Speaking from perspective of Chemistry, if water at a place is acidic then it will carry off all minerals and substances but silica. Again, if water is basic, then it will dissolve the silica which will be deposited to form the rocks. So the big catch is water! Scientists are trying to figure out the connection of water with the silica in rocks. Curiosity Rover is drilling different surfaces on Mars since forty months and studying different geological layers on Mars. Since the launch of Cusiority Rover on Mars, it has found out that billions of years ago there were lakes which and other environmental conditions that could sustain life. Then Curiosity reached the younger layers of Mount Sharp’s slopes, and found out that historical environmental conditions evolved from lakes, rivers and deltas to the harsh aridity of today’s Mars.
“These high-silica compositions are a puzzle. You can boost the concentration of silica either by leaching away other ingredients while leaving the silica behind, or by bringing in silica from somewhere else,” said Albert Yen. Yen is a member of Mars Rover team at NASA’s Jet Propulsion Laboratory, Pasadena, California. “Either of those processes involve water. If we can determine which happened, we’ll learn more about other conditions in those ancient wet environments.”

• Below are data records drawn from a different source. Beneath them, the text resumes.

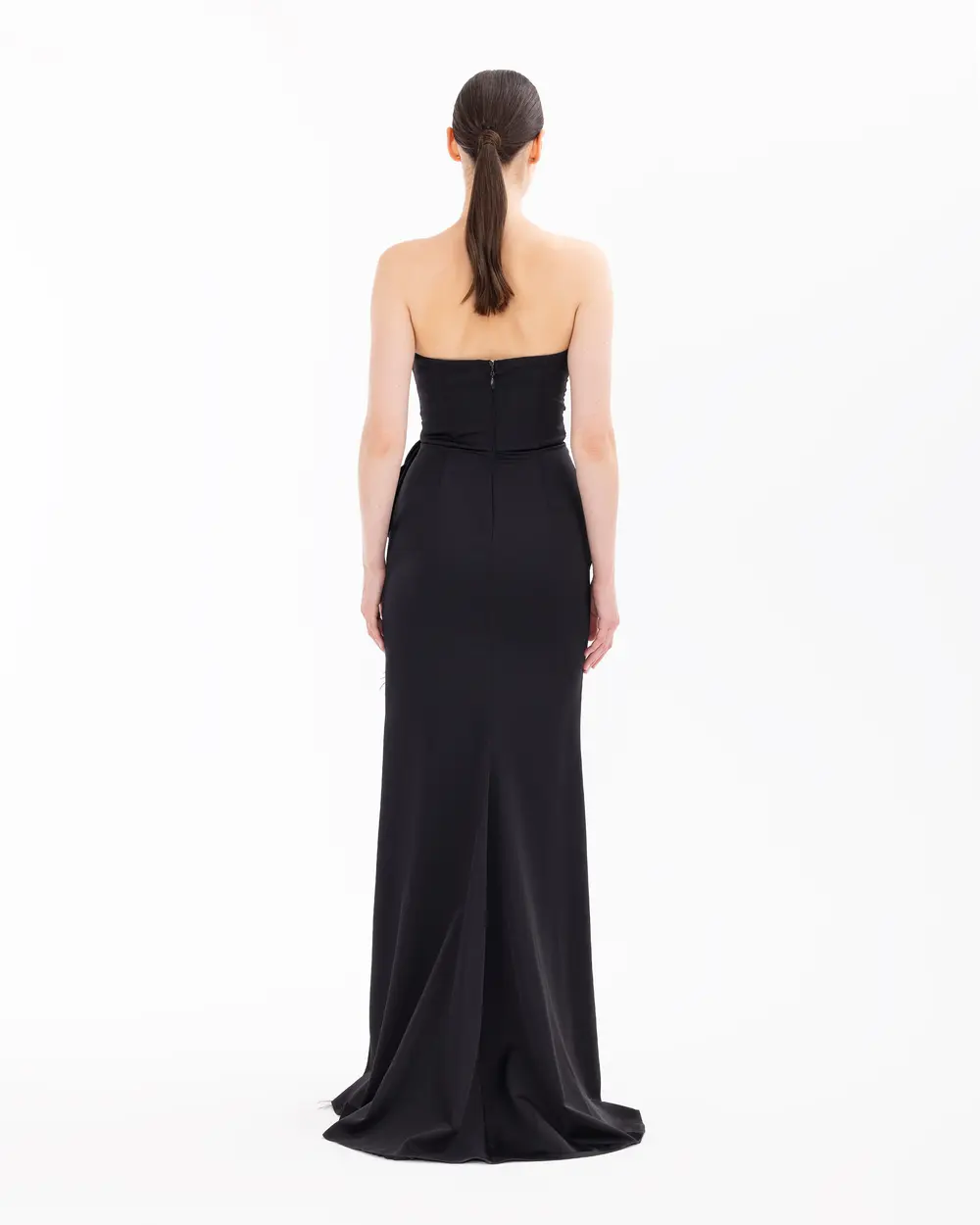 Tüy Detaylı Straplez Yırtmaçlı Abiye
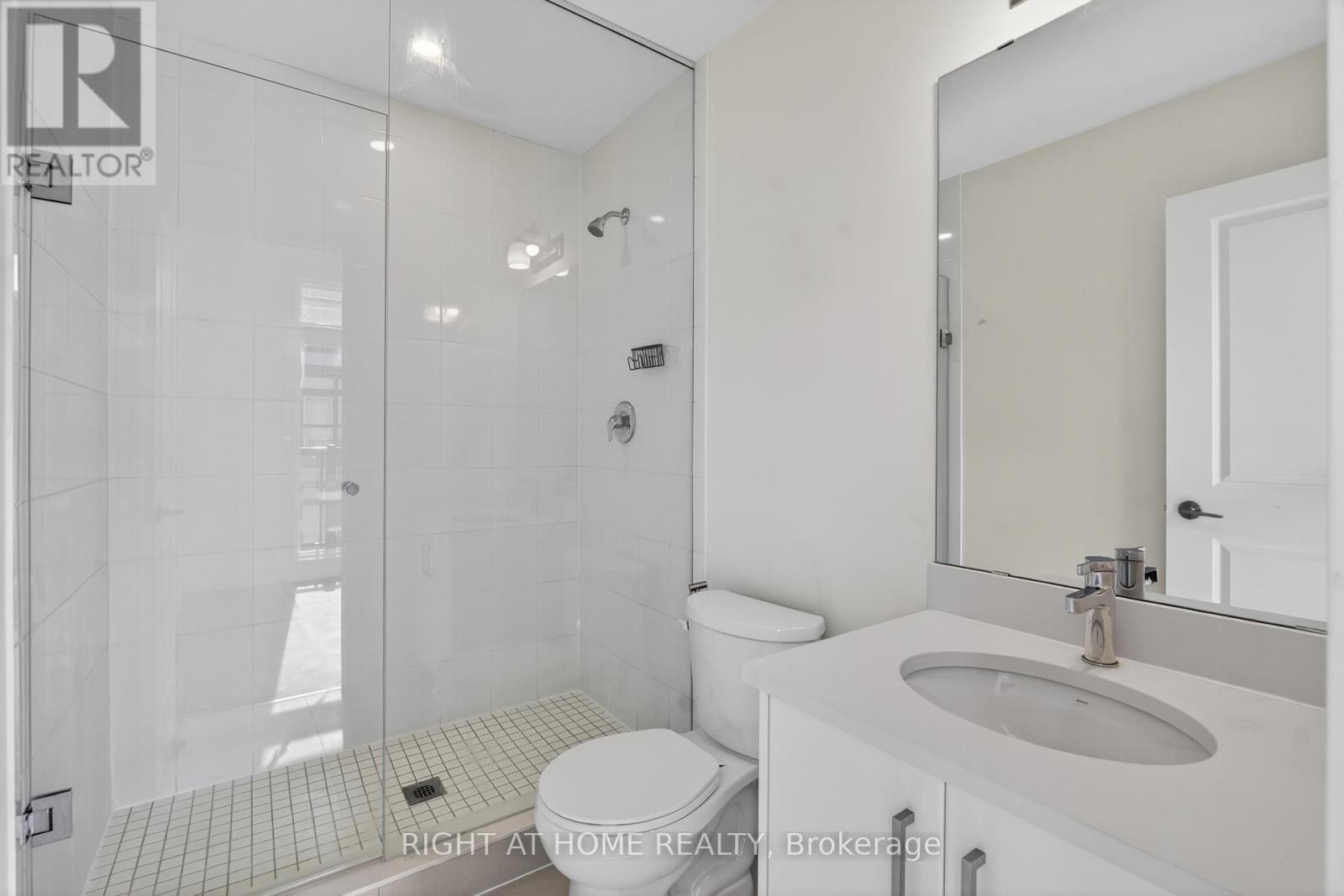 












1 - 12860 YONGE STREET

,
Richmond Hill (Oak Ridges),




Ontario
L4E1J4

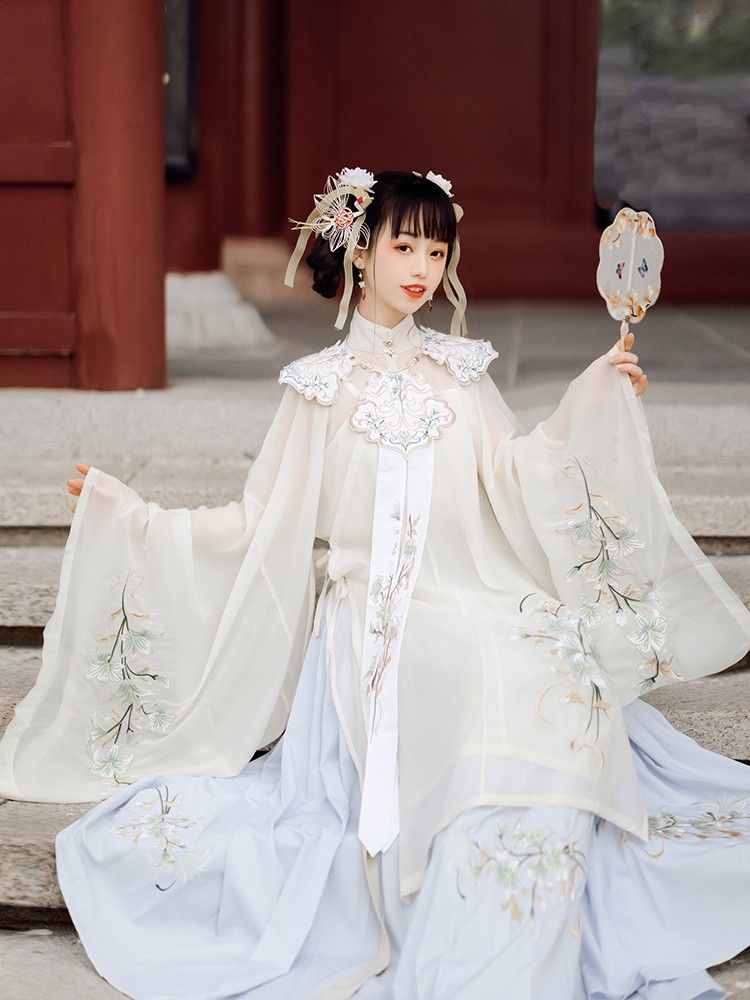 The Cold Charm of Cheongsam in Summer The Cold Charm of Cheongsam in Summer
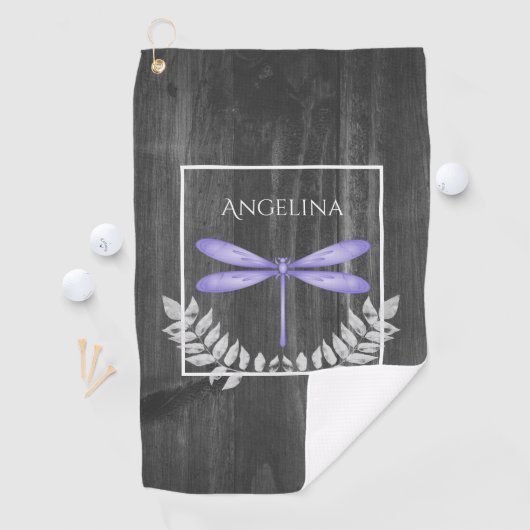 Serviette de golf Rustic Dragonfly violet (En situation)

“The high silica was a surprise — so interesting that we backtracked to investigate it with more of Curiosity’s instruments,” said Jens Frydenvang of Los Alamos National Laboratory in New Mexico and the University of Copenhagen, Denmark. The study on the environment and geology of Mars are still continuing. More and more puzzles will appear and more and more puzzles will be solved by NASA Curiosity Rover team.